About this exercise: An exact copy of the entries below is required, with all pictures removed.

[[ Listed records, beginning ]]

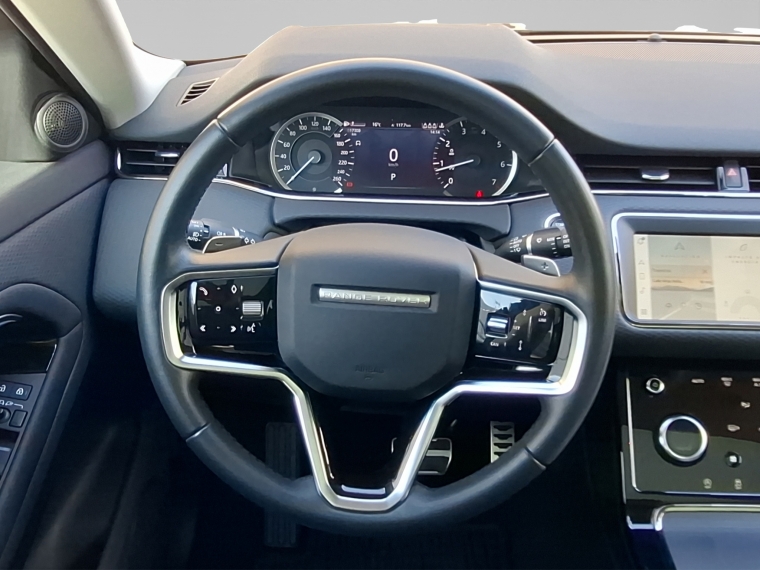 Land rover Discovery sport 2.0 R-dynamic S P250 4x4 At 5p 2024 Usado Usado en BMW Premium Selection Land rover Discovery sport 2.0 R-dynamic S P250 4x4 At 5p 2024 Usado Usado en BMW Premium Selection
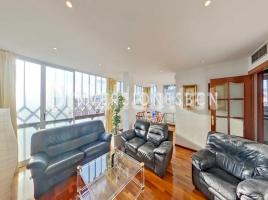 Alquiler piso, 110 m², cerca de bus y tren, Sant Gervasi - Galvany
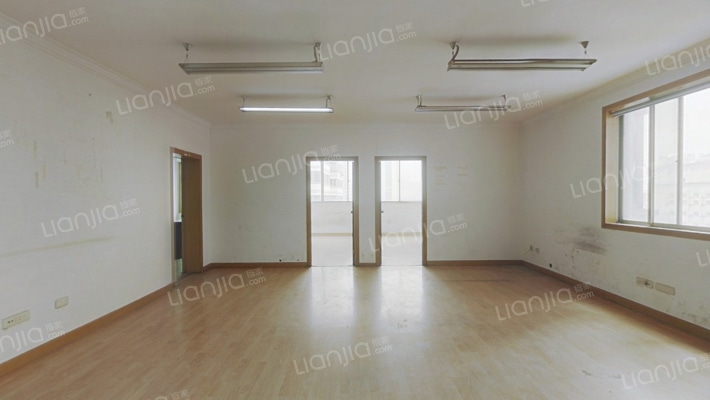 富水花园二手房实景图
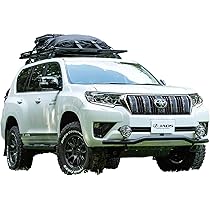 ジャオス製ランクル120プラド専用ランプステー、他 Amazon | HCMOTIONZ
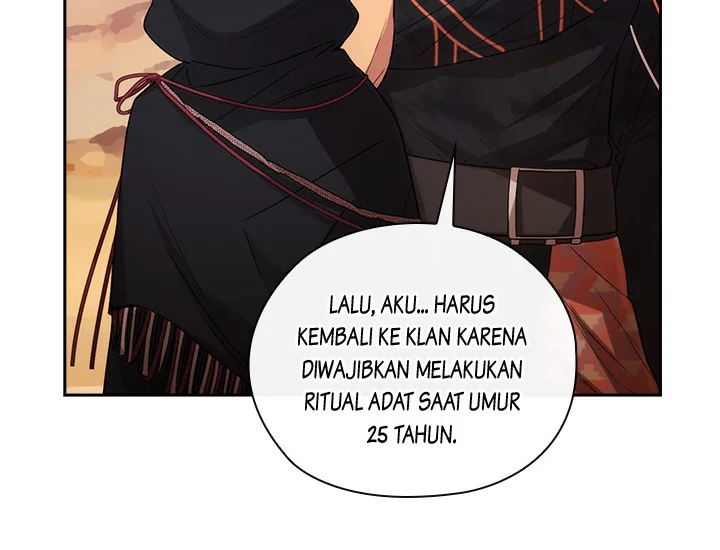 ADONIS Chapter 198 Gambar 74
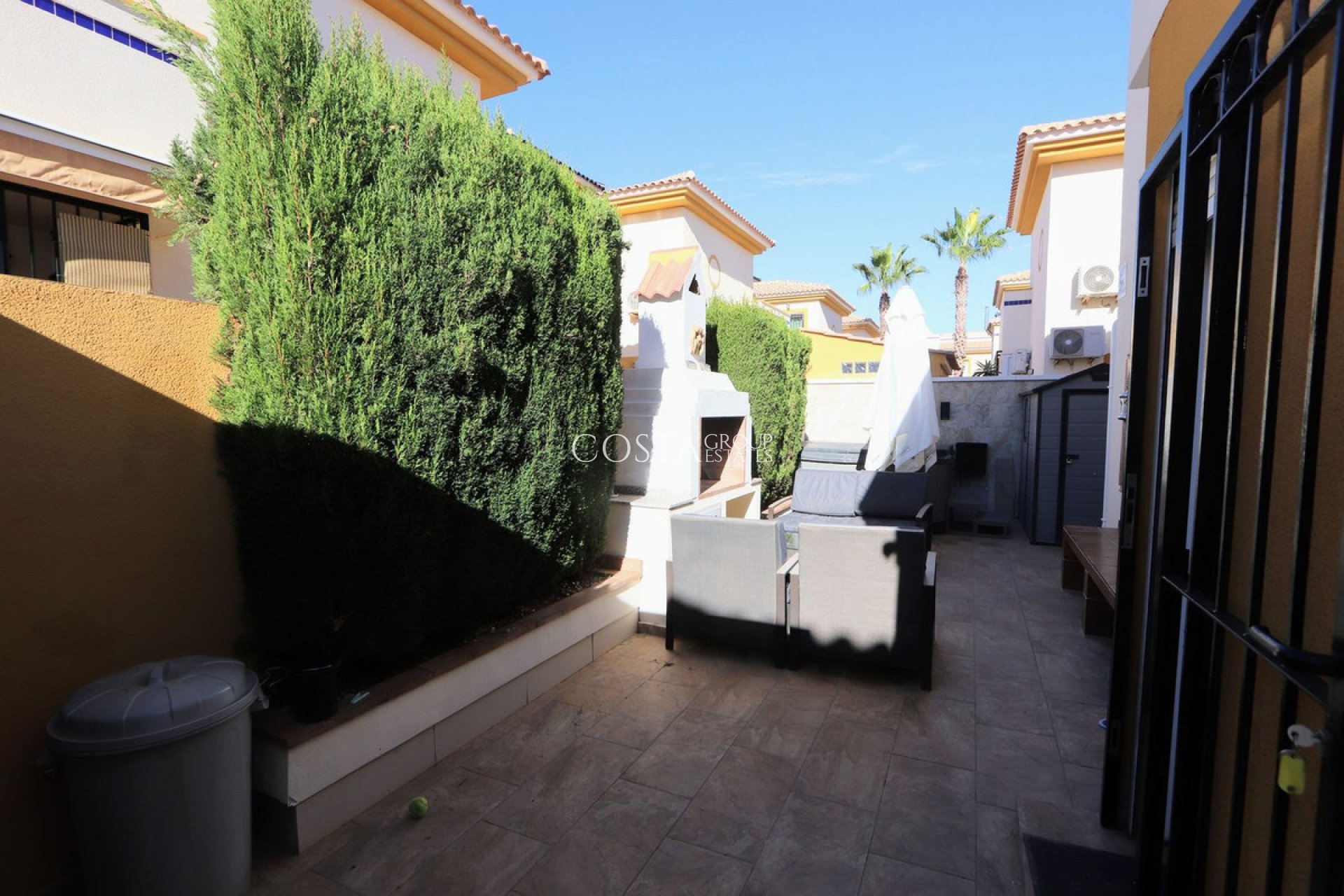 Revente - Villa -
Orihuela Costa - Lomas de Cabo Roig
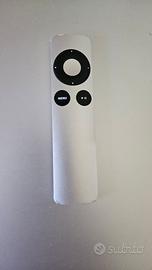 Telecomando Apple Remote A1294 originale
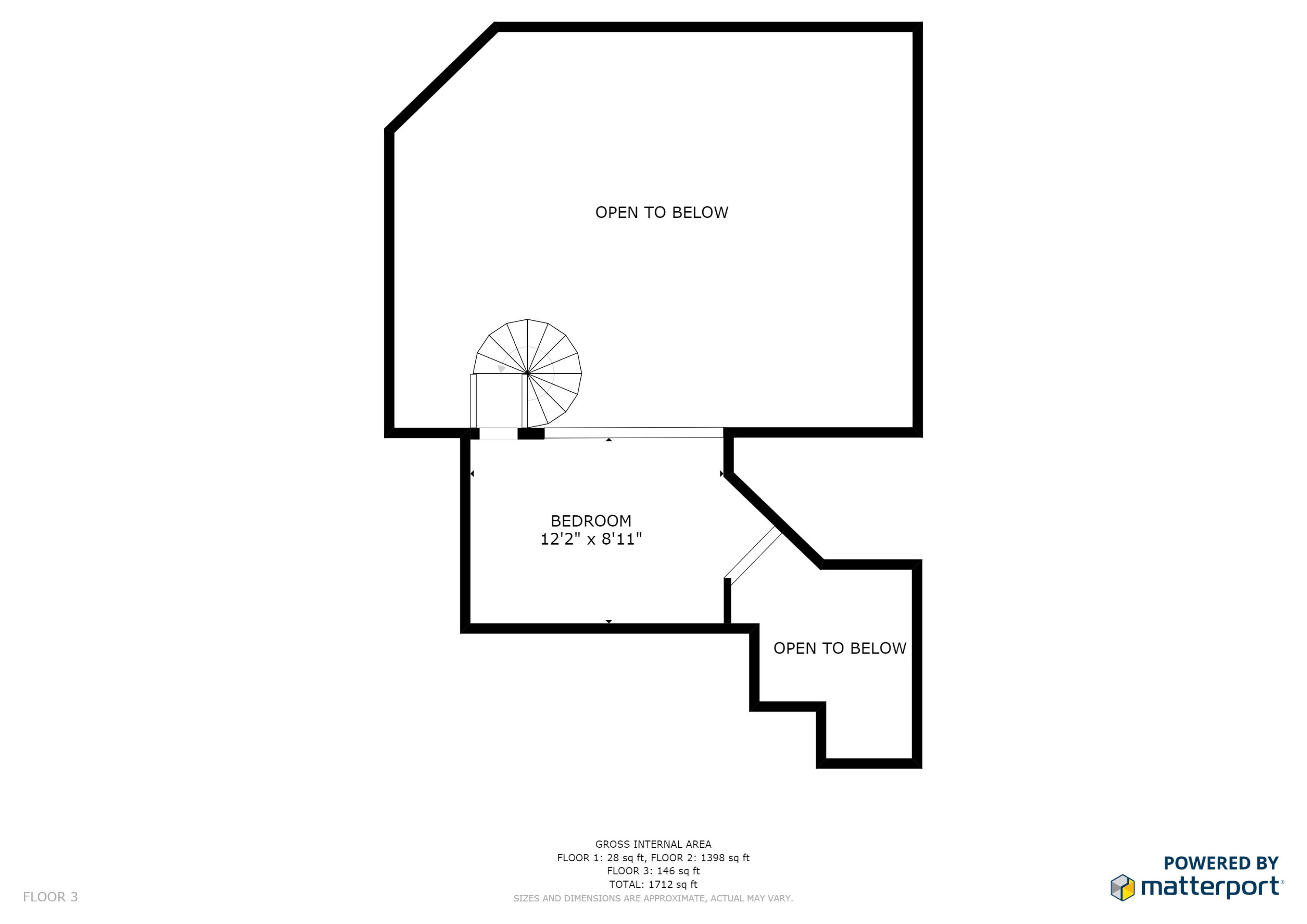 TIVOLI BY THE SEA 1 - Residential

[[ Listed records, end ]]

Answer to the problem:
 Land rover Discovery sport 2.0 R-dynamic S P250 4x4 At 5p 2024 Usado Usado en BMW Premium Selection Land rover Discovery sport 2.0 R-dynamic S P250 4x4 At 5p 2024 Usado Usado en BMW Premium Selection
 Alquiler piso, 110 m², cerca de bus y tren, Sant Gervasi - Galvany
 富水花园二手房实景图
 ジャオス製ランクル120プラド専用ランプステー、他 Amazon | HCMOTIONZ
 ADONIS Chapter 198 Gambar 74
 Revente - Villa -
Orihuela Costa - Lomas de Cabo Roig
 Telecomando Apple Remote A1294 originale
 TIVOLI BY THE SEA 1 - Residential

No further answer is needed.